Philipp: Specialty Coffee hatte für mich immer schon Merkmale eines Luxusprodukts oder eines Nischenmarktes, was auch einen Teil seines Reizes ausmacht. Für viele ist der Preis von 10-20 € für 250 g als durchschnittlicher Retailpreis für Specialty Coffee bereits Luxus, während man bei Aldi das Kilogramm für 6,99 € bekommt – und hier sprechen wir nicht einmal von den Panama Geishas, die jenseits der 500 $/kg liegen. Natürlich wird Kaffee teurer, und es könnte passieren, dass immer weniger Menschen sich diesen Luxus nicht leisten können oder wollen (zumindest vorübergehend). Trotz steigender Preise werden viele Konsumenten weiterhin guten Kaffee kaufen wollen und eventuell nach günstigeren Alternativen im Portfolio von Specialty Coffee Röstereien suchen. Vielleicht ist es auch eine Option, sich die 81-83 PPT SCA noch einmal anzuschauen und diese in das Portfolio aufzunehmen, um erschwinglichere Alternativen zu schaffen. Ich denke, dass diese Situation viele Chancen bietet und dass wir als Community nun gefordert sind, unsere Leidenschaft und Liebe für Kaffee in ein stabiles wirtschaftliches Fundament zu integrieren und dieses auch unseren Kunden verständlich zu vermitteln. Es gibt durchaus Wege, den breiten Zugang zu Specialty Coffee aufrechtzuerhalten, indem man auf Effizienz, Innovation und partnerschaftliche Geschäftsbeziehungen setzt. Zudem wächst die Nachfrage nach hochwertigem Kaffee weiter, sodass der Markt auch im zugänglicheren Segment bestehen bleiben kann.
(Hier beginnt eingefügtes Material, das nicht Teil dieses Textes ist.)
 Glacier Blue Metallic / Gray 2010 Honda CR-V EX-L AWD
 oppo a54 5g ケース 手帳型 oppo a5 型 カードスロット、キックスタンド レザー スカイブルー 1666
Gibt es innovative Modelle, um Farmer:innen in dieser Situation besser zu unterstützen – z. B. alternative Bezahlmodelle oder neue Zertifizierungsansätze?
Simone: Farmer, die Produktionsmengen direkt oder an Exporteur/Importeur verkaufen, sind im Moment eher positiv betroffen, was super ist! Exporteure im Origin hingegen haben gerade mit Cashflow und Vorfinanzierung zu kämpfen, da der Wert der Ware extrem angestiegen ist. Und Farmer haben aus anderen Gründen gerade Schwierigkeiten Migrationsarbeiter/Pflücker zu finden, allerdings ist dies nicht Börsen Trend getrieben. Denke die beste Unterstützung ist es, so viel von einer Farm abzunehmen wie möglich und auch eventuelle Qualitätsunterschiede in Kauf zu nehmen und vor allem konstante Businesspartnerschaften aufzubauen.
Welche Rolle spielen direkte Handelsbeziehungen (Direct Trade) und langfristige Verträge jetzt? Sind sie eine Lösung gegen Preisvolatilität oder werden sie schwieriger umzusetzen?
Simone: Da bin ich tendenziell natürlich beeinflusst, aber langfristige Partnerschaften sind immer vorteilhaft und auch als Importeur wäre es für uns und eine Risikominimierung wichtig, auf zuverlässige Käufer zu hoffen. Im Moment kaufen Exporteure und Importeure weniger Ware, weil die Verluste und das Risiko höher geworden sind. Um also die Ware verfügbar zu haben, die man als Rösterei braucht, ist es um so wichtiger in Kommunikation zu treten und Bedarf an Rohkaffee abzuklären, egal an welcher Stelle oder welche Handelsbeziehung man pflegt.
Philipp: Direkte Handelsbeziehungen sind für mich ein vielversprechender Weg.. Sie ermöglichen langfristige, vertrauensvolle Partnerschaften und bieten eine gewisse Unabhängigkeit von der Volatilität des Marktes. Auch wenn sie nicht immer leicht umzusetzen sind, schaffen sie Stabilität und Perspektive. Unabhängig davon, ob eine Rösterei über Spot oder langfristige Verträge einkauft – entscheidend ist eine vorausschauende Planung: Wann wird welcher Kaffee benötigt, in welcher Menge, zu welchem Preis und passend zur Erntezeit.
Am Ende ist es vielleicht eine gute Mischung aus Spot Sourcing und direkten Handelsbeziehungen.